Professional scammers have launched millions of automated phone calls and text messages to target cryptocurrency users following the FTX demise and trick them out of their information and funds.
Clayton LiaBraaten, Senior Executive Advisor of Truecaller, an app that helps identify scam callers and messages, told Cointelegraph:
“Scammers like volatility and current affairs. Whenever they try to surf the contours of something very disruptive in the market, they have great success.
LiaBraaten said Truecaller also saw an increase in fraudulent communications related to Bitcoin (Bitcoin) and other cryptocurrencies in early 2022 when the market starts to show volatility.
He added that “agents” are ultimately looking for steal funds It launches millions of automated “robocalls” and texts to try to capture people’s “fear, curiosity, and sometimes generosity.”
Phone numbers can be obtained in a number of ways. data breach vitools that leaked millions of figures or gleaned information from social media platforms.
Ann impersonation fraud This is most commonly seen with Truecaller, where malicious actors pretend to represent major cryptocurrency exchanges, corporate support desks, and similar organizations.

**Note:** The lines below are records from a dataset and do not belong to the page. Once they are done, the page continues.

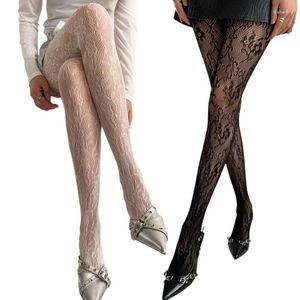 Kvinnliga strumpor kvinnor franska jk vintage blommor jacquard fisknät tights strumpor sexiga ihåliga spetsar ren strumpbyxor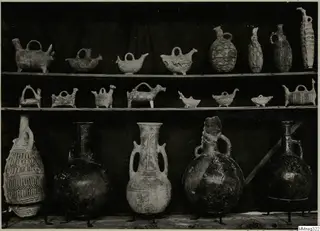 Pottery vessels on three shelves: small animal-shaped and bottle-shaped jugs above, large jars on metal stands below.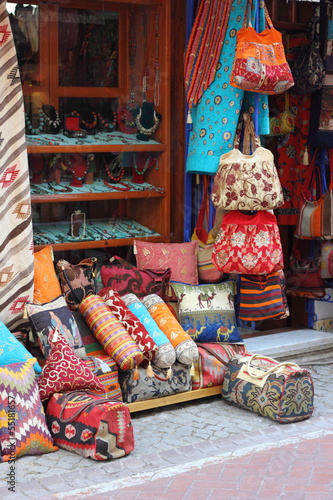 Fabrics, textiles,bags and turkish rugs at a bazaar in Turkey © markim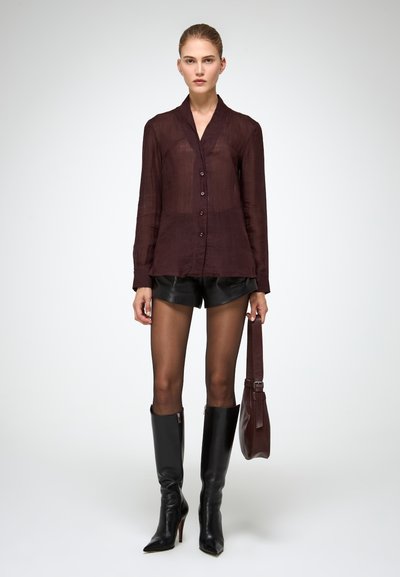 Burgundy sheer button-up shirt, black leather shorts, knee-high black boots, and a burgundy leather handbag. Smooth texture, tailored fit.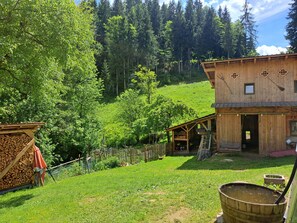 Une cabane en bois rustique, dotée d’une cour clôturée, d’une pile de bois de chauffage et d’un tonneau en bois.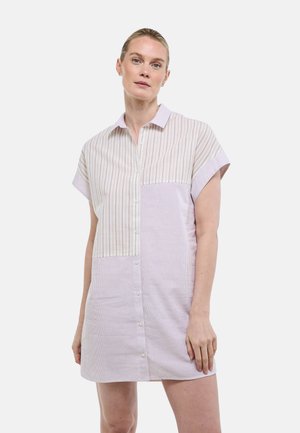 Femme à la peau claire et aux cheveux blonds portant une robe à manches courtes à boutons avec des rayures verticales mélangées dans des tons pastel.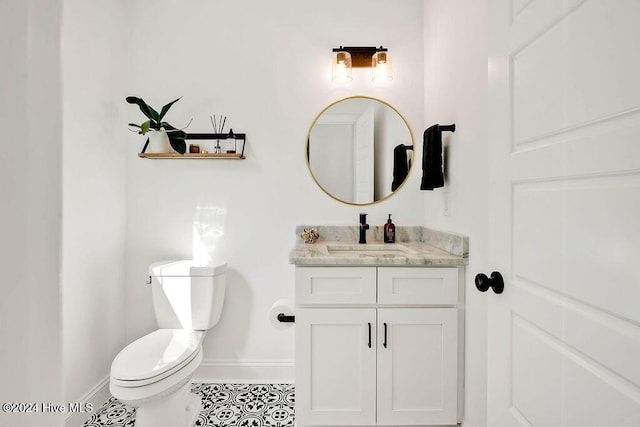 bathroom featuring tile patterned floors, vanity, and toilet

Scammers also try to justify themselves by publishing their phone numbers on fake copycat websites.
According to LiaBraaten, young people are often targeted by scammers because they “publish so much information on social media that there is so much information out there about them.”
“They use the same handle for Bitcoin forums as they do for TikTok and all these social media platforms. […] It is very easy to create and target data graphs about these individuals. There are many factors that social engineers should oppose to the younger generation. ”
The wealth of information people publish online allows scammers to send contextual messages and calls to their intended targets, making malicious communications more convincing.
“They are good psychologists and social engineers, so they will do whatever they can to bring something to the table,” says LiaBraaten.
The first call or text doesn’t always lead to results financial fraud According to LiaBraaten, agents first try to obtain or verify information about the target in order to build trust.
“They are building more and more details about their persona, and if they collect enough information, yes, they will try to access your crypto wallet.”
“There are a lot of people who don’t understand cryptocurrencies very well,” said Lia Braaten. “They are targeting vulnerable people, so very savvy crypto enthusiasts are unlikely to fall prey to this. because there is.”
regardless of one’s ability detect fraudhe said anyone who calls or sends messages asking for personal information or passwords should not engage with anyone and should only use official channels.
“One of the worst things you can do is keep on the phone with these guys because it’s their mission to free you from your cryptocurrency. Moments of vulnerability, guess yourself We need one minute to do it, and then they go racing.”
In February, Binance CEO Changpeng “CZ” Zhao announced a “massive” SMS Phishing Targets Binance Customers.
The scam sent users a text message with a link to cancel their withdrawals and directed them to a fake website designed to collect their login credentials.